Wednesday, June 22, 2022

warranties aren't advertising b/c it's not plausible that anyone reads them before purchase

Plateau Casualty Ins. Co. v. Securranty, Inc., 2022 WL 2205263, -- F. Supp. 3d --, No. 2:22-cv-00007 (M.D. Tenn. Jun. 22, 2022)

Held: A warranty is not “commercial advertising or promotion” under the Lanham Act.

Plaintiffs terminated an agreement to insure Securranty Inc.’s warranties for products like laptops and cell phones, but Securranty allegedly continued to represent that its warranties were still insured by them. Plaintiffs sued for breach of contract under Tennessee common law and false advertising in violation of the Lanham Act. (OK, I’m not a big false endorsement fan, but … isn’t this false endorsement? Insert your own insurance-related pun.)

Securranty’s protection plan allegedly continued to state that its obligations under the plan “are guaranteed under a reimbursement insurance policy issued by Plateau Insurance Company” located in Crossville, Tennessee; that the plan in Florida “is directly issued by the insurer ... Plateau Insurance Company”; and that the plan in Washington is “backed by the full faith and credit” of Plateau.

Securranty argued both that there was no misrepresentation in “commercial advertising or promotion” and that plaintiffs failed to allege the loss of any customers as a result of Securranty’s alleged deception, an argument the court didn’t reach but mentioned should plaintiffs amend their complaint. (Is injury required for a §43(a)(1)(A) claim?
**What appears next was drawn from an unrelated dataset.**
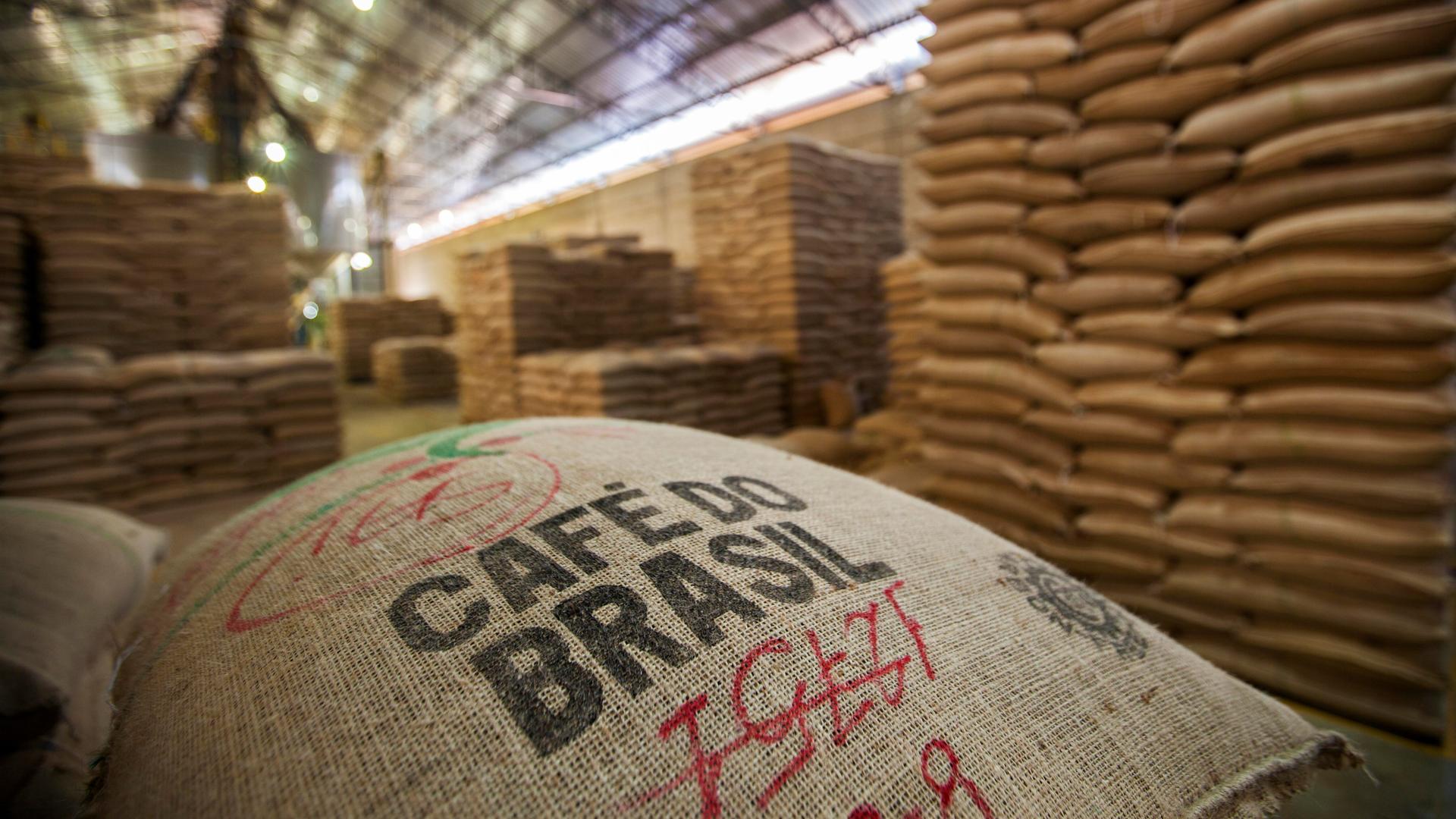 Im Vordergrund liegt ein Kaffeesack mit der Aufschrift "Café do Brasil" – zu deutsch "Kaffee aus Brasilien". Im Hintergrund sind in der Lagerhalle weitere Säcke gestapelt.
Shouldn’t it be?)

The Sixth Circuit “define[d] ‘commercial advertising or promotion’ as: (1) commercial speech; (2) for the purpose of influencing customers to buy the defendant’s goods or services; (3) that is disseminated either widely enough to the relevant purchasing public to constitute advertising or promotion within that industry or to a substantial portion of the plaintiff’s or defendant’s existing customer or client base.”

The court found no case holding that “warranty policies fall outside the scope of the Lanham Act as a matter of law.” But several decisions hold that a product insert that a consumer finds only after opening an item cannot be “commercial advertising or promotion” for Lanham Act purposes. So too with user manuals provided to the customer upon purchase of a product are not commercial advertising under the Lanham Act, even if the manuals were available at trade shows “because they were not made available to the general purchasing public or in sufficient quantities to constitute an advertisement.” [There are a handful of cases saying that product inserts/catalogs delivered with the product are commercial advertising/promotion because they are invitations to keep buying more from the same company, which I think make sense.]

The court inferred, based on Securranty’s argument and the “silence” of the complaint, that “the purchaser of a laptop or cell phone is unaware of the language in the warranty until after the purchase has been made.” This probably does pass muster under Twiqbal common sense, but it is a particularly good illustration of the way that “consent” to terms in an adhesion contract is a pure legal fiction. It is so fictional that parties other than the bound consumer don’t have to pretend that it’s true!

“The Terms and Conditions reference the past by thanking the customer for his or her purchase and speaks in terms of individuals who have ‘purchased the protection plan.’ More tellingly, the Complaint contains no allegations that purchasers are given a copy of the Terms and Conditions beforehand.” Even if the terms were also on Securranty’s website, it wasn’t plausible that website warranty terms constituted misrepresentation for “the purpose of influencing the purchasing decisions of the consuming public,” and that “the contested representations [were] part of an organized campaign to penetrate the relevant market intended to influence potential customers to purchase its product.” Also, plaintiffs didn’t allege proximate causation therefrom.